USDA clears California slaughterhouse accused of abuse to reopen

McDonald's cuts ties with a California slaughterhouse accused of abusing cows.
(Tim Boyle / Getty Images)

Central Valley Meat Co., the California slaughterhouse shut down by regulators last week after undercover video footage showed apparent animal abuse, reopened Monday morning after promising to change its ways.

The U.S. Department of Agriculture said it had “concluded its evaluation of the extensive corrective action plan” submitted by the slaughterhouse to address “recent humane handling violations.”

The company, according to the agency’s Food Safety and Inspection Service, will add more training for employees along with other safeguards to ensure that “only ambulatory animals are processed.”

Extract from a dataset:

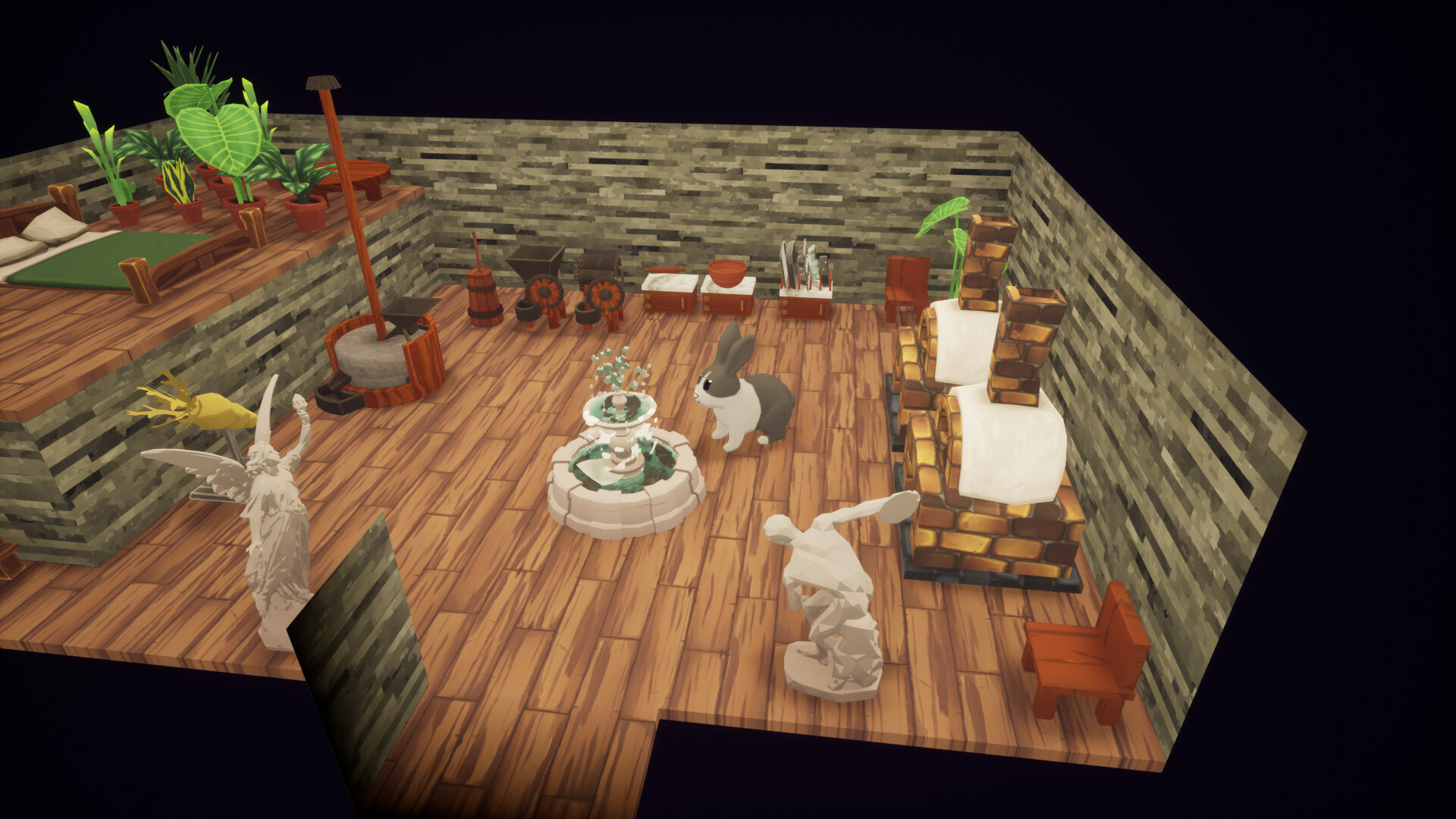 Cinnabunny/Cinnabunny 截图 13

Workers will not be allowed to pull, drag or lift the cows, and may use electric or vibrating prods only sparingly, and never on sensitive body parts such as the face, the slaughterhouse promised.

Regulators had temporarily suspended operations at Central Valley Meat amid concerns that so-called downer cattle – cows unable to move, sometimes due to illness or lameness – were illegally being sent into the human food chain.


The investigation into the alleged food safety violations will continue. The company is still barred from supplying meat to federal food programs such as the National School Lunch Program.

Last week, several of Central Valley Meat’s corporate customers severed ties with the slaughterhouse after a video from animal rights advocacy group Compassion Over Killing showed animals being shocked, shot and otherwise treated cruelly.

Hamburger chains In-N-Out, McDonald’s, Jack in the Box and Burger King – who had either direct or indirect supply arrangements with Central Valley Meat – said last week that they would no longer accept products from the plant.